◆ **Extracted information**
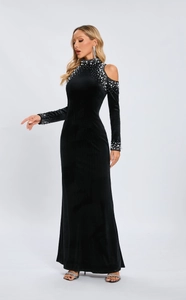 Detail of elegant black velvet dress with pearl and rhinestone accents on shoulders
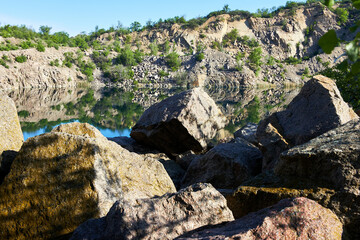 View on lake in flooded granite quarry with radon water. Mountain lake in the summer. Landscape with rock stones and reflection.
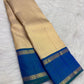 Grand peacock-blue and green shot-colour Kanjivaram pallu densely woven with gold geometric and floral zari bands.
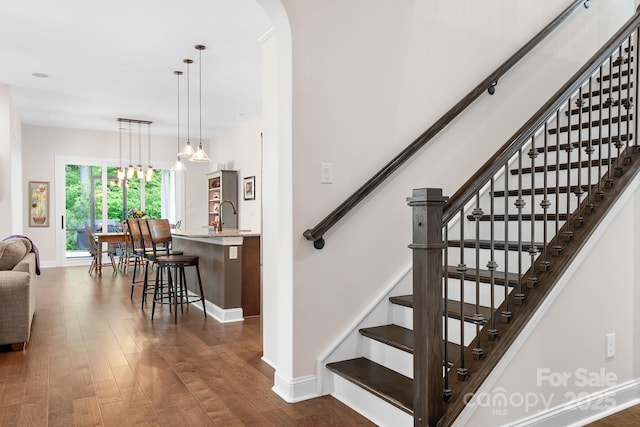 4902 Looking Glass Trl, Denver, NC 28037 - stairs with baseboards, arched walkways, and wood finished floors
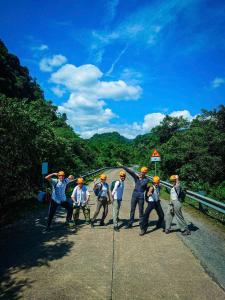 a group of people wearing hard hats on a road at Phong Nha Ecolodge Homestay & Tours - Mountain View in Phong Nha +45 photos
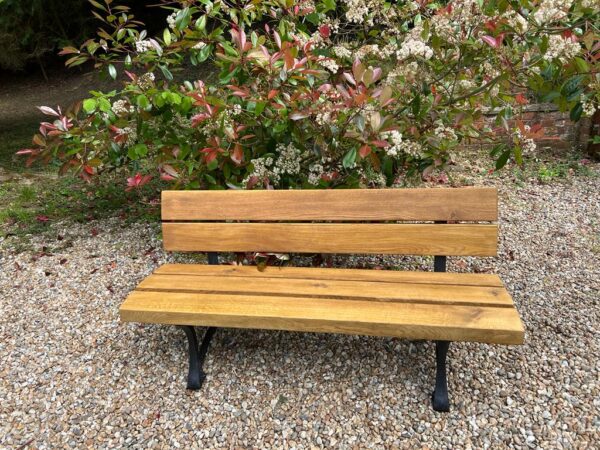 Oak bench is in garden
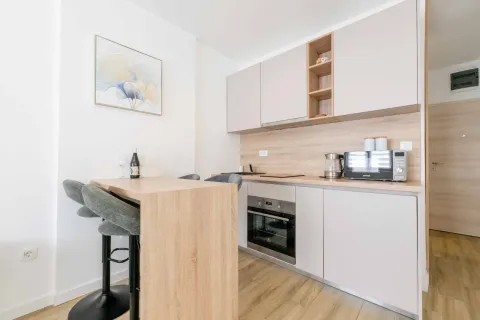 Modern kitchen with a breakfast bar and built-in kitchen units. - image 15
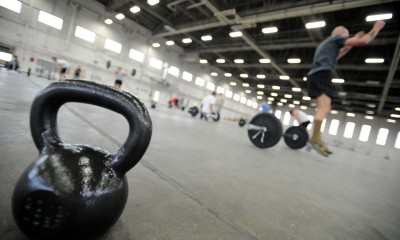 Joint Base Elmendorf-Richardson, Alaska -- Airmen, soldiers and civilians participate in a Crossfit fitness program at Hangar 5 on Joint Base Elmendorf-Richardson after duty hours, Wednesday, July 13, 2011.  (U.S. Air Force/Justin Connaher)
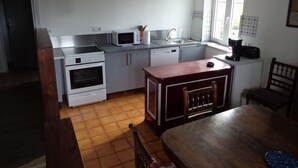 Een compacte keuken met witte apparaten, een houten eettafel en een raam dat voor daglicht zorgt.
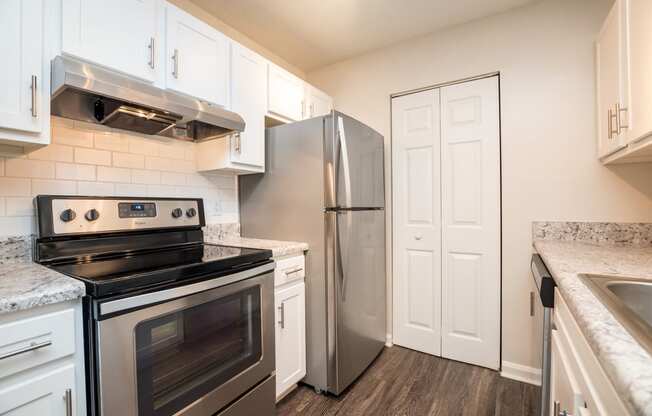 model apartment kitchen with stainless steel appliances at Palmetto Place, Fort Mill, 29708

◆ **What to do**
Nothing but the lines from the one containing "Oak bench is in garden" through the end of the listing should be printed, each exactly as it appears and without pictures.

◆ **Solution**
 Oak bench is in garden
 Modern kitchen with a breakfast bar and built-in kitchen units. - image 15
 Joint Base Elmendorf-Richardson, Alaska -- Airmen, soldiers and civilians participate in a Crossfit fitness program at Hangar 5 on Joint Base Elmendorf-Richardson after duty hours, Wednesday, July 13, 2011.  (U.S. Air Force/Justin Connaher)
 Een compacte keuken met witte apparaten, een houten eettafel en een raam dat voor daglicht zorgt.
 model apartment kitchen with stainless steel appliances at Palmetto Place, Fort Mill, 29708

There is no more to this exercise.